*Data supplied*
+===+

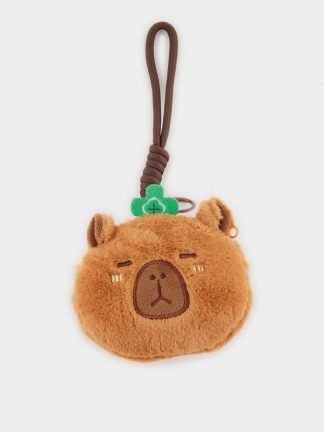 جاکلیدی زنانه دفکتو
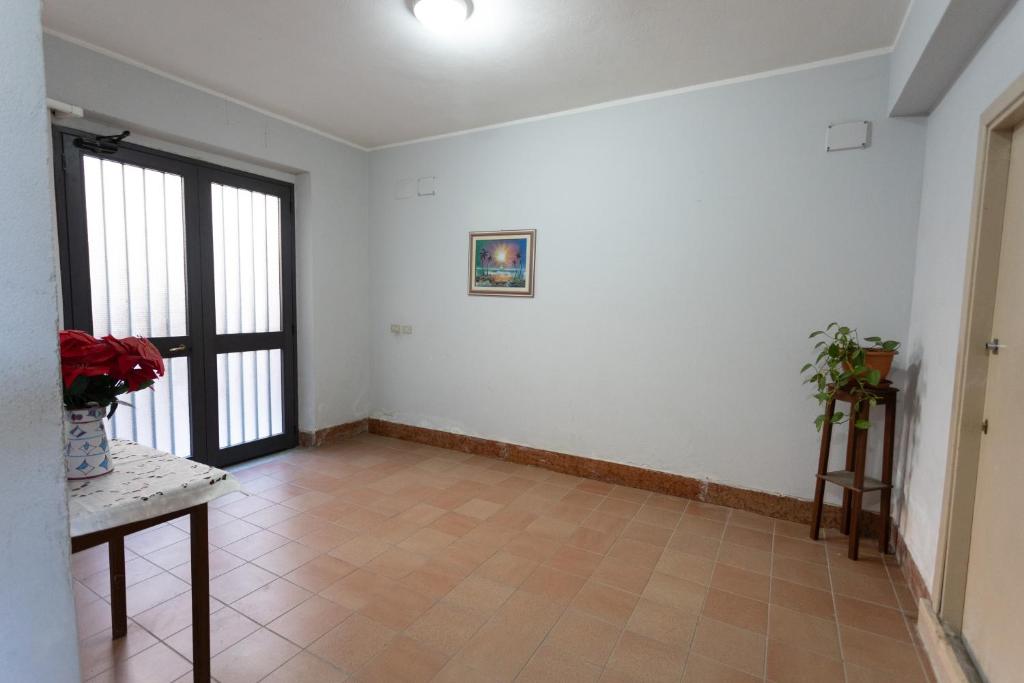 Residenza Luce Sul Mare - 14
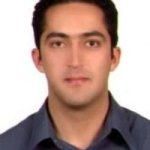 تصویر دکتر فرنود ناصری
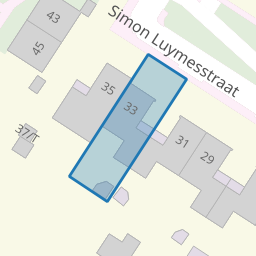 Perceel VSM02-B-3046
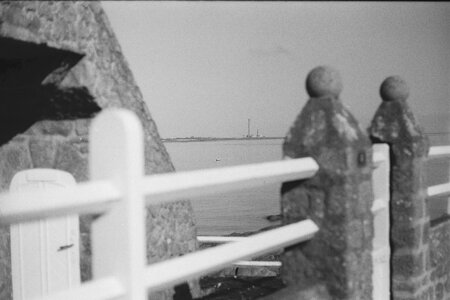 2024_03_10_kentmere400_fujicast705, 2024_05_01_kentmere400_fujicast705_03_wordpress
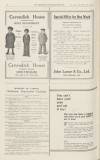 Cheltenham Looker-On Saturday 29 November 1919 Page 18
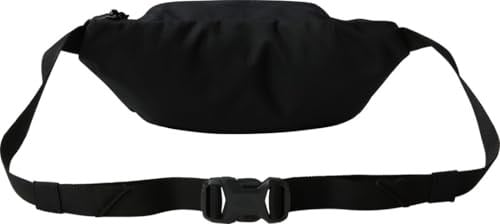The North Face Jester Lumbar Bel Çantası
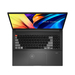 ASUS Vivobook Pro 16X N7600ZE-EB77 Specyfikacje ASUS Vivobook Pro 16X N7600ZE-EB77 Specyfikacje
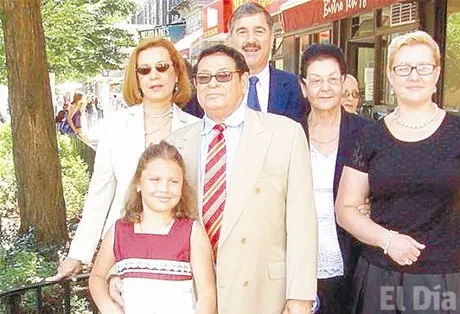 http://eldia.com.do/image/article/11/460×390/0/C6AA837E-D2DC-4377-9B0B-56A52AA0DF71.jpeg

+===+

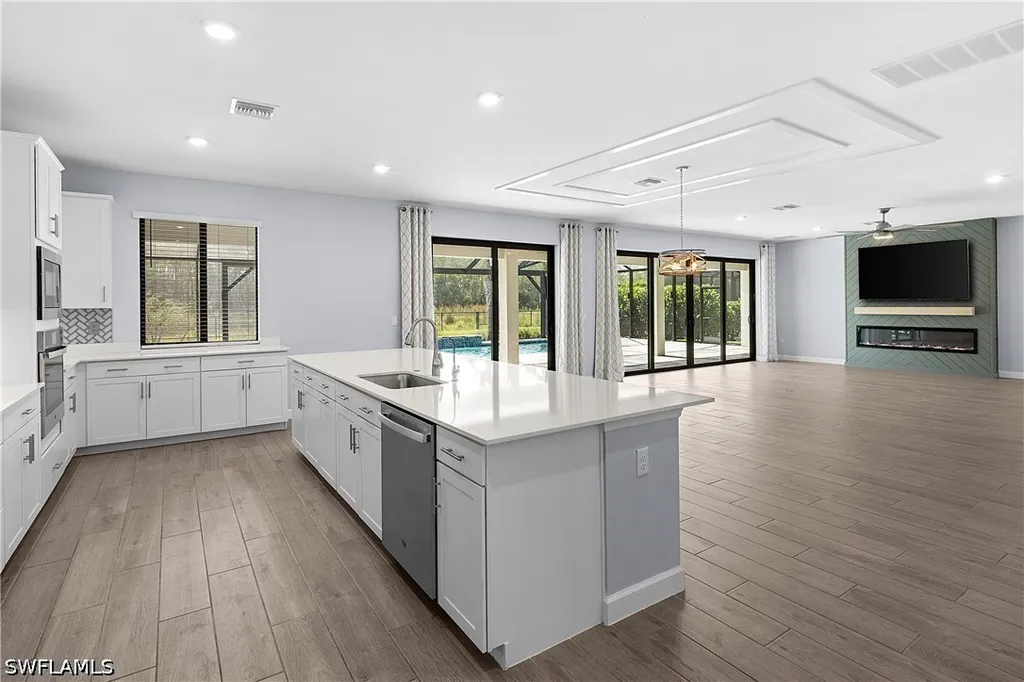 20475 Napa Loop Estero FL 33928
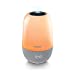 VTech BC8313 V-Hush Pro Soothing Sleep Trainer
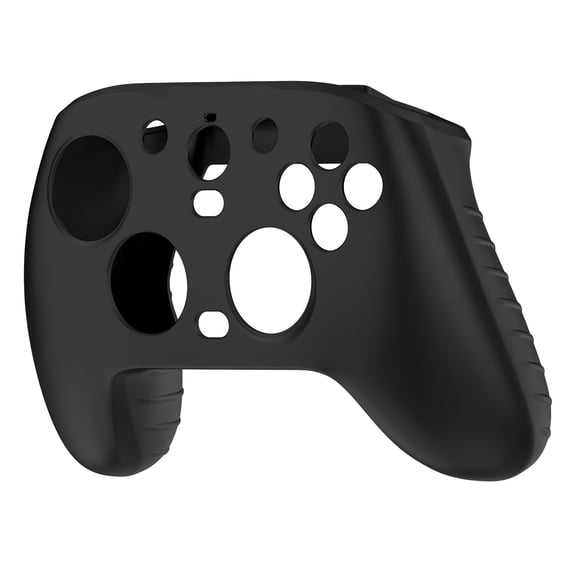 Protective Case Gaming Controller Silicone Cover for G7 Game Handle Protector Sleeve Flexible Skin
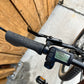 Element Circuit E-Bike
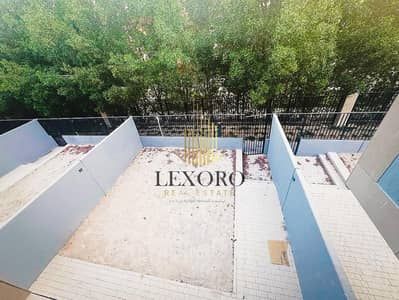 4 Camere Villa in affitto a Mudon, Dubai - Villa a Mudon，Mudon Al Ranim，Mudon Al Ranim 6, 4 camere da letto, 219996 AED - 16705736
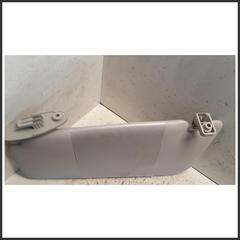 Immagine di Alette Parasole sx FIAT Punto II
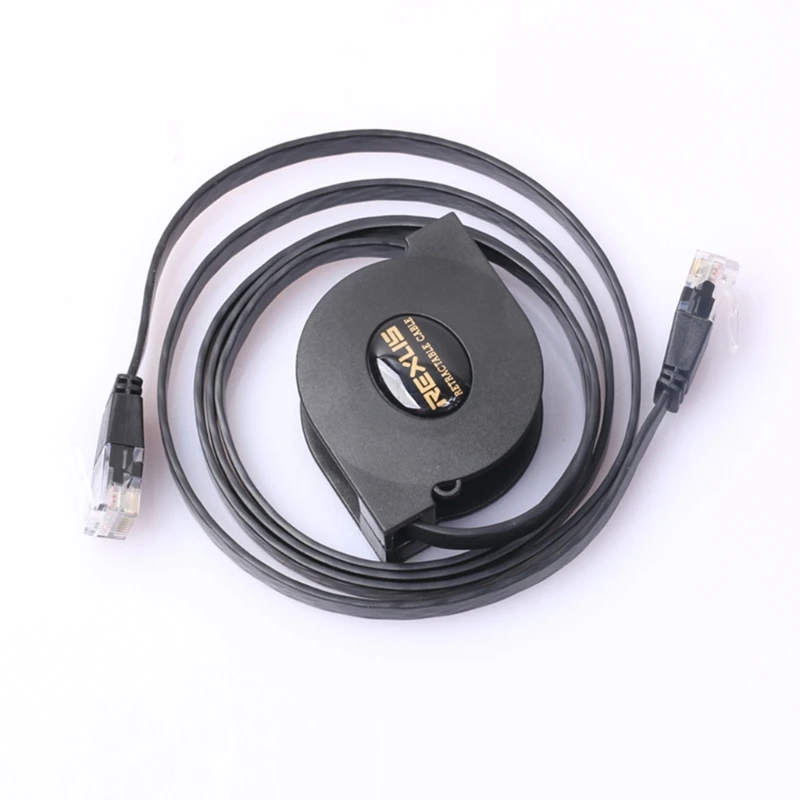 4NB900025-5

+===+

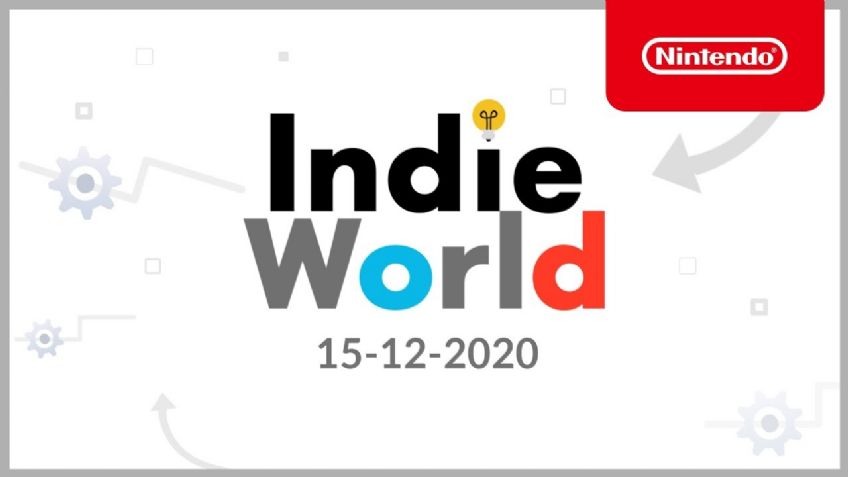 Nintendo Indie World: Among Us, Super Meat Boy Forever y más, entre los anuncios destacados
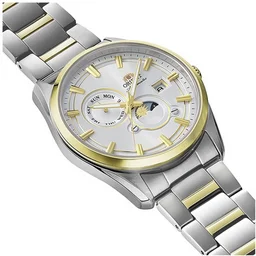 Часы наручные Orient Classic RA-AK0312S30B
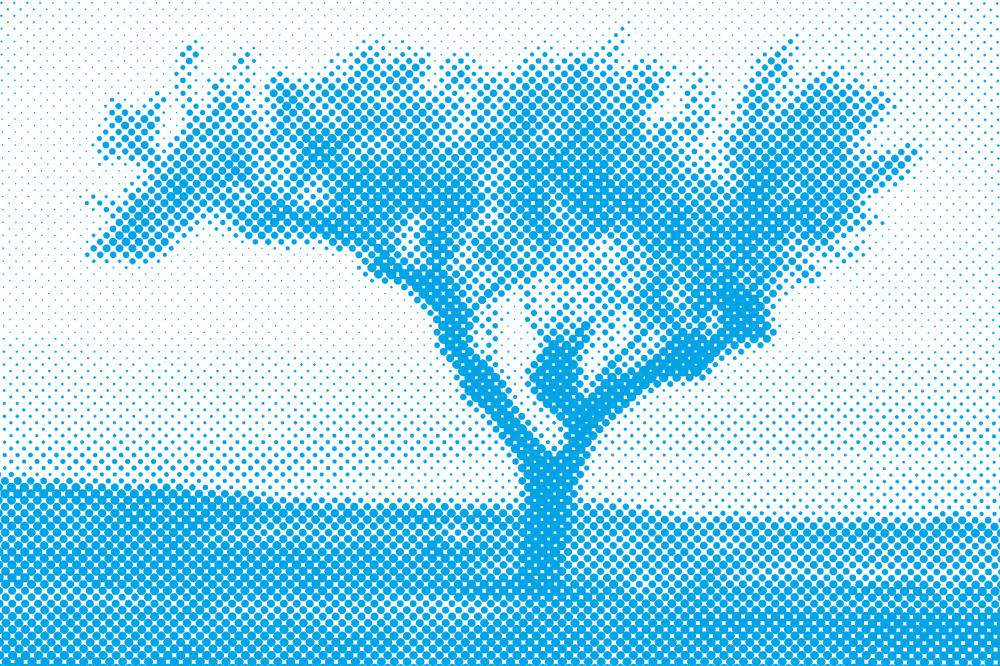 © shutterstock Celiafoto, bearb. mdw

+===+

*Activity*
Leaving out the pictures, please output the lines in the entries above from the one with "Element Circuit E-Bike" through the one with "4NB900025-5", exactly as they are.

*Answer to this task*
 Element Circuit E-Bike
 4 Camere Villa in affitto a Mudon, Dubai - Villa a Mudon，Mudon Al Ranim，Mudon Al Ranim 6, 4 camere da letto, 219996 AED - 16705736
 Immagine di Alette Parasole sx FIAT Punto II
 4NB900025-5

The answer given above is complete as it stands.